Camerano, 01 febbraio 2023 – In questo mese, 77 anni fa, esattamente il 23 febbraio 1946, la Consulta Nazionale approvava il decreto legislativo che dava alle donne, per la prima volta in Italia, il diritto di votare e quello di essere elette. Diritto che le stesse poterono esercitare, sempre nel 1946, quando vennero chiamate al voto alle prime elezioni amministrative del dopoguerra.

Non si pensi che raggiungere questo diritto sia stato facile per le donne, la loro battaglia per il diritto al voto (suffragio universale), risale addirittura al 1861, l’anno dell’Unità d’Italia. E una volta acquisito, quel diritto, non è che la società tutta l’accolse con favore: occorreva un cambio di mentalità che s’era radicato negli uomini per centinaia d’anni.

Basti ricordare, come segno della disabitudine al voto femminile, quel che pubblicò il Corriere della Sera nell’edizione del 2 giugno 1946 commentando la partecipazione delle donne all’elezione dei deputati dell’Assemblea costituente e del Referendum istituzionale Monarchia-Repubblica, nell’articolo intitolato “Senza rossetto nella cabina elettorale” con il quale invitava le donne a presentarsi presso il seggio senza rossetto sulle labbra.
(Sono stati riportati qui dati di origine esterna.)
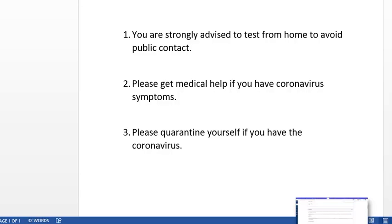Hi everybody. I just wanted to make a video to really let you know that you are strongly advised to test from home to avoid public contact, and also just wanted to spread some information about coronavirus. Please get medical help if you have any symptoms, and please quarantine yourself if you have the coronavirus.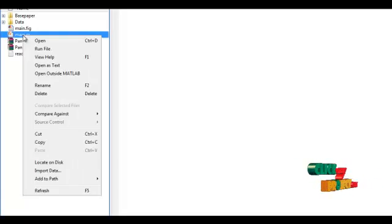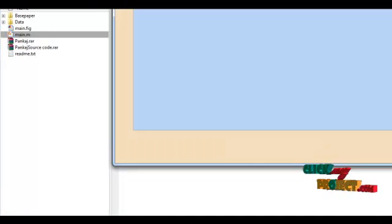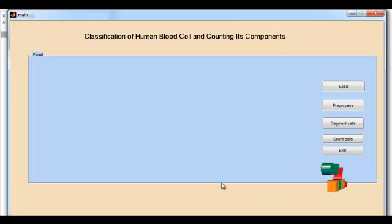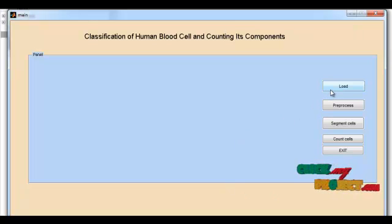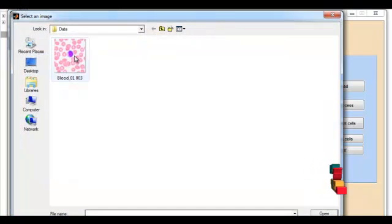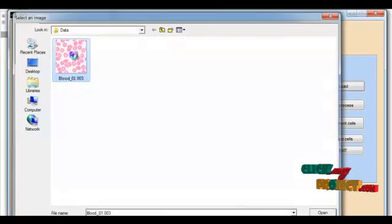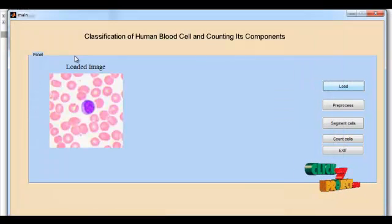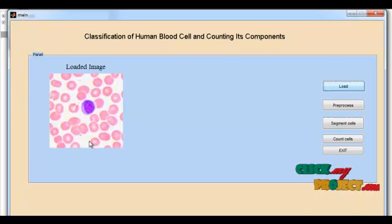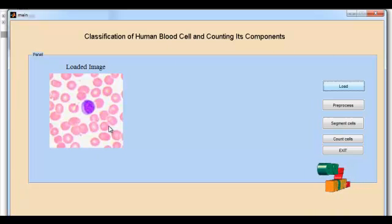Let us discuss the running procedure of the project: segmentation using morphological watershed transformation for counting blood cells. Right-click on the main.m file and press the Run button to show the execution window. Press the Load button to load a blood tissue image. Select any blood tissue — the selected image is displayed in the first axis.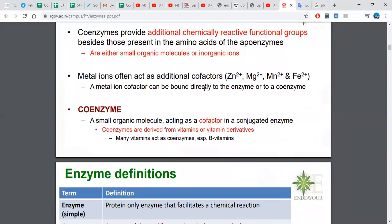A small organic molecule acting as a cofactor in a conjugated enzyme is called a coenzyme. Coenzymes are derived from vitamins or vitamin derivatives — many vitamins act as coenzymes, especially B vitamins. B and C vitamins are soluble in water, while the remaining vitamins are soluble in fats.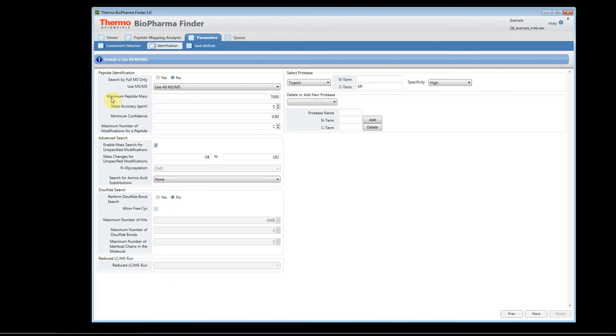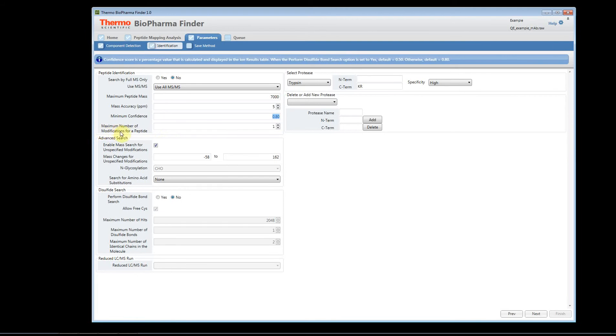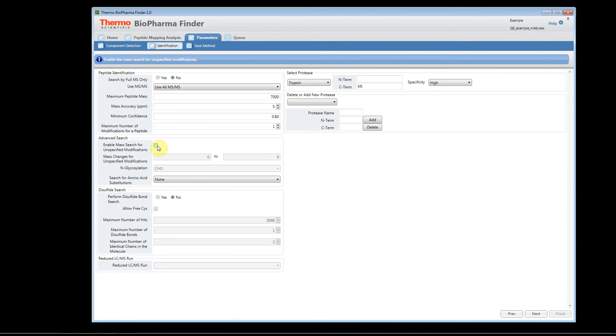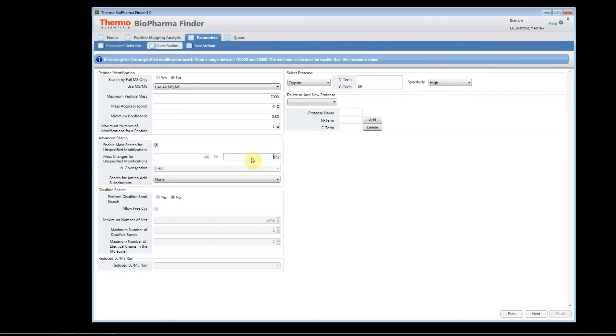You have your maximum peptide mass. We have mass accuracy. We have minimum confidence. This is a percentage. Maximum number of modifications per peptide. You are able to turn off the unspecified modification search. We're under advanced searches. If you don't want to use this, just uncheck it, and you won't see all this addition of different masses. The unspecified modification search will search in the user-definable mass range, and it will try to identify peptides plus or minus some mass value. This allows you to go very deep into your data sets.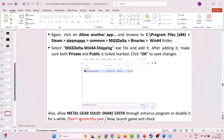If your problem is still not solved, also allow Metal Gear Solid Snake Eater through your antivirus program. Allow all three game exe files through your third-party antivirus, or simply turn off your third-party antivirus program for a while, then launch the game and check. You can turn the antivirus back on later.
La motivazione era spiegata così: “Siccome la scheda deve essere incollata e non deve avere alcun segno di riconoscimento, le donne nell’umettare con le labbra il lembo da incollare potrebbero, senza volerlo, lasciarvi un po’ di rossetto e in questo caso rendere nullo il loro voto. Dunque, il rossetto lo si porti con sé, per ravvivare le labbra fuori dal seggio“.

Sì, oggi tutto ciò suona parecchio stonato anche perché, come facevi a capire a chi apparteneva quella macchia di rossetto? O che il colore del pigmento si poteva associare a questo o a quello schieramento? Oggi le schede elettorali per fortuna si piegano.

Sono passati 77 anni dal raggiungimento del diritto di voto per le donne. Molte, nel corso degli anni, sono state elette in Parlamento nelle due Camere, poche, pochissime, assise nella poltrona del presidente di questo o quel ramo, sfondando quel “tetto di cristallo” appannaggio riservato agli uomini per tanto, troppo tempo.

Ricordando l’attuale presidente del Consiglio Giorgia Meloni, la prima donna in questo ruolo nella storia d’Italia capace di sfondare quel tetto – e che le ha citate nel suo discorso d’insediamento, vorrei ricordarne alcune di queste eroine: Rosalie Montmasson, testarda al punto da partire con i Mille che fecero l’Italia; Alfonsina Strada, prima donna a competere nel ciclismo in gare maschili.

Eroine nella Cultura come Maria Montessori o Grazia Deledda premio Nobel per la Letteratura. Eroine nella Politica dei giorni nostri: Tina Anselmi, Nilde Jotti, Rita Levi Montalcini; e ancora, Oriana Fallaci enorme firma del giornalismo, Samantha Cristoforetti astronauta.

Chissà cosa sarebbe successo all’Italia e alle italiane se, 77 anni fa, quel diritto al voto fosse stato loro negato. Non credo granché, dal momento che do per scontato che comunque a quel diritto sarebbero arrivate. Semplicemente perché era scritto nelle stelle, e solo l’ottusità, il maschilismo e la paura della perdita di potere dell’uomo, l’ha ritardato nell’evoluzione sociale italiana.

Di una cosa però sono convinto: laddove le donne hanno primeggiato, sfondando quel tetto di cristallo, il mondo che hanno governato e le società che hanno gestito sono migliorate parecchio, colorandosi di quel tocco di rosso tanto vituperato nel 1946: un tocco di rossetto!